Ronald Maddison, a 20-year-old RAF engineer from Consett, died at the MoD's Porton Down laboratories on Salisbury Plain in May 1953.

A fresh inquest into his death is to be held in September. It follows a ruling last year when the Lord Chief Justice, Lord Woolf, quashed the original verdict of misadventure and ordered that a second inquest should be opened into Mr Maddison's death.

The original inquest was held behind closed doors 'for reasons of national security,' but Mr Maddison's family and others have campaigned for decades for the truth to be revealed.

The move had brought fresh optimism to others who claim tests carried out on them at the laboratories had shattered their health.

But the latest findings from the MoD state that levels of sickness in those who volunteered for the tests are normal.

Bryan Lester, 65, a member of the Porton Down Veterans' Support Group, who lives near York, was sent to the labs while on national service in 1956 and has had respiratory problems ever since.

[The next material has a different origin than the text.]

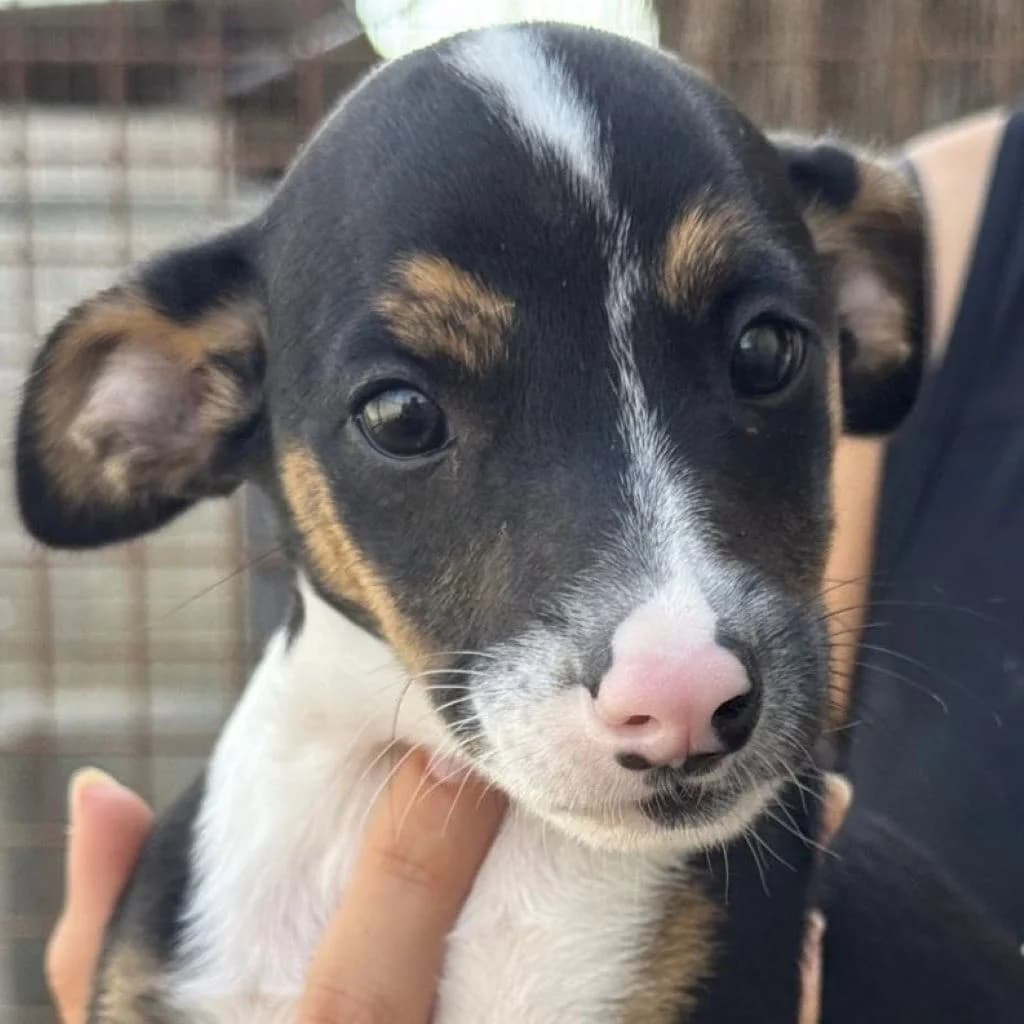 Timmy, male puppy Mixed Breed for adoption at SALVA Hundehilfe e.V.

"I think the more research that is done into it the better and the clearer it will become," he said. "At least people might realise what has been going on."

He was a 19-year-old rifleman in Northern Ireland when he was volunteered to take part in what he thought was common cold research.

He added: "I did not really think that authority was going to do something like that, especially at that age when everything that anyone says who is senior to you has got to be right."